RE: Unicode Normalization in XML 1.0 5e

For comparison, my proposed wording is at
http://lists.w3.org/Archives/Public/public-xml-core-wg/2009Apr/0019

I'd like to be able to finalize this by our next telcon.

I'd particularly like to ask that Richard and John review
the suggested wording below and let us know their opinion.

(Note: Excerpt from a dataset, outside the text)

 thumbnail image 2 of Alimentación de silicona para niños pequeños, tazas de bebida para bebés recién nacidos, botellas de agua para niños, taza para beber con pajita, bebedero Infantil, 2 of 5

Of course, I'd like to hear from everyone.  I just figured
if I mentioned a couple names in particular, there was more
of a chance I'd get at least some response.

paul

> -----Original Message-----
> From: Phillips, Addison [mailto:addison@amazon.com] 
> Sent: Wednesday, 2009 May 20 21:50
> To: public-i18n-core@w3.org; Grosso, Paul; public-xml-core-wg@w3.org
> Cc: w3c-html-cg@w3.org
> Subject: RE: Unicode Normalization in XML 1.0 5e
> 
> Dear Paul,
> 
> The Internationalization Core WG discussed the problem with 
> normalization during our teleconference today [1] and, in 
> response to your email of 30 April [2], the WG decided the following.
> 
> We are okay with the general idea of issuing an erratum on 
> XML 1.0 5e to address this problem. However, we were not 
> quite satisfied with the wording proposed. We would like to 
> propose that you replace it with the following:
> 
> --
> _Unicode_ (rule C06) says that canonically equivalent 
> sequences of characters ought to be treated as identical. 
> However, XML _parsed entities_ (including _document 
> entities_) that are canonically equivalent according to 
> Unicode but which use distinct code point (character) 
> sequences are considered distinct by XML processors. 
> Therefore, all XML parsed entities SHOULD be created in a 
> "fully normalized" form per _[CharMod-Norm]_. Otherwise the 
> user might unknowingly create canonically equivalent but 
> unequal sequences that appear identical to the user but which 
> are treated as distinct by XML processors.
> 
> A document is still well-formed, even if it is not in a 
> normalized form. XML processors MAY verify that the document 
> being processed is in a fully-normalized form and report to 
> the application whether it is or not.
> --
> 
> In our discussion of this issue, we are concerned about the 
> appropriate terminology to use here. We think that it may be 
> appropriate in some cases for content to be in a 
> non-normalized form. For example, one might have an element 
> <foo> that contains an single Unicode combining mark, like so:
> 
>   <foo>&#x301;</foo>
> 
> This sequence is not "full normalized", but, we think it is 
> both your and our intention that it be valid and that the 
> element 'foo' contain the character U+0301, even though 
> U+0301 is a combining mark. In considering our proposed text 
> above, we are concerned that the term "parsed entity" might 
> be too broad, if it is considered to include attribute and 
> element content (and not just the names of XML document 
> structures). Please consider this when implementing our 
> proposed text and/or advise us whether or not parsed entity 
> is the right choice for the meaning imputed here.
> 
> Kind regards,
> 
> Addison (for I18N)
> 
> [1] http://www.w3.org/2009/05/06-core-minutes.html
> [2] 
> http://lists.w3.org/Archives/Public/public-i18n-core/2009AprJu
n/0043.html
> 
> Addison Phillips
> Globalization Architect -- Lab126
> Chair -- W3C Internationalization WG
> 
> Internationalization is not a feature.
> It is an architecture.
> 
> 

Received on Thursday, 21 May 2009 13:04:04 UTC